Cluster 3: [1, 2, 4, 7, 8, 9, 10, 11, 13, 14, 16, 17, 20, 22, 24, 27, 29, 31, 32, 34, 36, 37, 41, 44, 46, 47, 49, 51, 56, 60, 62, 63, 65, 68, 69, 70, 71, 72, 73, 74, 76, 77, 80, 81, 83, 84, 85, 86, 88, 91, 92, 93, 94, 95, 97, 98, 100].

From Table 2 and Table 3, we selected the clusters (i.e., CHcluster1 from the Calinski-Harabasz criterion method and ERcluster3 from the elbow rule), with the least average hyper radial distance for Pareto front PF10 dataset. In Figure 5 and Figure 6, CHcluster1 group and ERcluster3 group had many points in common, as they all came from more or less a similar part of the data landscape, i.e., where the environmental impact was low and with moderate profitability and productivity. The total number of solutions in the CHcluster1 group and the ERcluster3 group were 63 and 57, respectively, with a set difference of the following solutions: {15,57,59,66,79,99}. In other words, the set difference defines the set of solutions that was not included in the smaller ERcluster3 group, but included in the larger CHcluster1 group. Another way of getting the same result was to go to the next level up in the average hyper radial distances, i.e., ERcluster1 group from the elbow rule and the CHcluster2 group from the Calinski-Harabasz criterion method. We first find the intersection of the two cluster groups, which we will call cluster n, and then find the set difference between cluster n and ERcluster1 group, which yields the same set: {15,57,59,66,79,99}.

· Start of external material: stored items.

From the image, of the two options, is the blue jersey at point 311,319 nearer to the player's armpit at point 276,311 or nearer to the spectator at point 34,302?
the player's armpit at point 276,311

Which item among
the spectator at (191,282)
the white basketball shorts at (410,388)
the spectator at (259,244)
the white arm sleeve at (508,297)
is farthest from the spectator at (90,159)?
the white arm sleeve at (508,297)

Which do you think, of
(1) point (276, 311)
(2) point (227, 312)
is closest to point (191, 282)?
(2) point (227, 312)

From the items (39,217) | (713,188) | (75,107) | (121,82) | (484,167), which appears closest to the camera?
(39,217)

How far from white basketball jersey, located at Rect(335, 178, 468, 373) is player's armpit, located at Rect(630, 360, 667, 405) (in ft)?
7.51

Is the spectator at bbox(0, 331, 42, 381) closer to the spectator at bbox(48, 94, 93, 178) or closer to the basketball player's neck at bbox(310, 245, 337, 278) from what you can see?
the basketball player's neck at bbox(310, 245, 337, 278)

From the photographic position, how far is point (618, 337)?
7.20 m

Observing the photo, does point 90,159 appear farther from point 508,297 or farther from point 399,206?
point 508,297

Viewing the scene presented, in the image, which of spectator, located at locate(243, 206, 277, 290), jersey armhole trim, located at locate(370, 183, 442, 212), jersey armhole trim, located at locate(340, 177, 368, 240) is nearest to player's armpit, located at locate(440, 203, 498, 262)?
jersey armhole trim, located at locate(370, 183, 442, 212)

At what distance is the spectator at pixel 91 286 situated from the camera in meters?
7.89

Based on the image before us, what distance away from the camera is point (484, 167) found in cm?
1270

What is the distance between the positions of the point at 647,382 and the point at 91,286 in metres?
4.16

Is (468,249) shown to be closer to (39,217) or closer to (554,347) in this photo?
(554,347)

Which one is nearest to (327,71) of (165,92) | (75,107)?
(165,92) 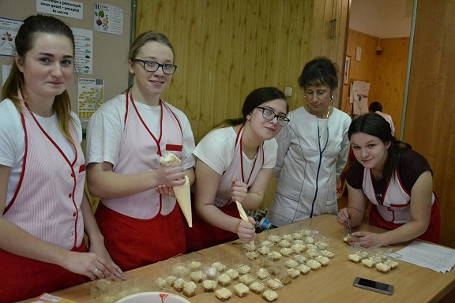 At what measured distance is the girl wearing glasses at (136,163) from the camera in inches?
62.6

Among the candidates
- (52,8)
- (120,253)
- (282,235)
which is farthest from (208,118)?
(120,253)

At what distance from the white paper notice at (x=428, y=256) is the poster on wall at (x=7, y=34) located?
2.38m

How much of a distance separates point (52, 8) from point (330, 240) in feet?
7.00

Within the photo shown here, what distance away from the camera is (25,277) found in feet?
4.26

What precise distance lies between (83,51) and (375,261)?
7.11 ft

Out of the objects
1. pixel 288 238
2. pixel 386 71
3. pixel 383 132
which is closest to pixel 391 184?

This is where things get interesting, because it is this set difference that defined some of the points that were identified while using other visualization techniques, in particular, DMS that consistently identified 59 and 66. The 14 objectives over a 50 year, one-yearly interval planning horizon for the set difference are shown in Appendix D, with trade-offs between the objectives, making it difficult from which to select a unique solution. Our goal is to arrive at a shortlist of the very best solutions that will form the basis for the next stage of research, which is to identify yet another mathematical process to find the unique solution in near-real-time.

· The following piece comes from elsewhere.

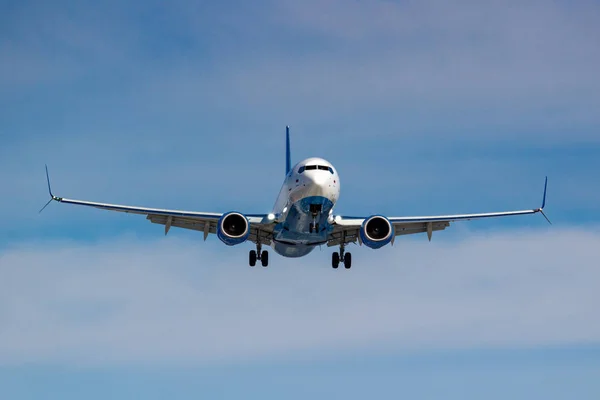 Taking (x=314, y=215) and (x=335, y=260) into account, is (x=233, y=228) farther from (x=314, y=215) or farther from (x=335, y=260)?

Going back to the set difference list, we are left wondering whether, for the Pareto front datasets, the no-man’s-land region or border may just serve as a way of identifying sweet spots where the short list of the very best solutions resides. We also start to wonder that for difficult datasets with no clear delineation between clusters, the optimal number of clusters might not necessarily be an integer, but may actually be a fractional number. That means for the Pareto front PF10, the optimal number of clusters is between 2 and 3, where the Calinski–Harabasz criterion method finds the minimum of the optimal number of clusters and the elbow rule finds the maximum. Even if this is proven to be the case, the importance might just be the ability of finding the points in the no-man’s-land region, which in this case is verified to carry some of the very best solutions. Out of the set difference list, solutions 57 and 79 were the hardest to find while using the other visual techniques.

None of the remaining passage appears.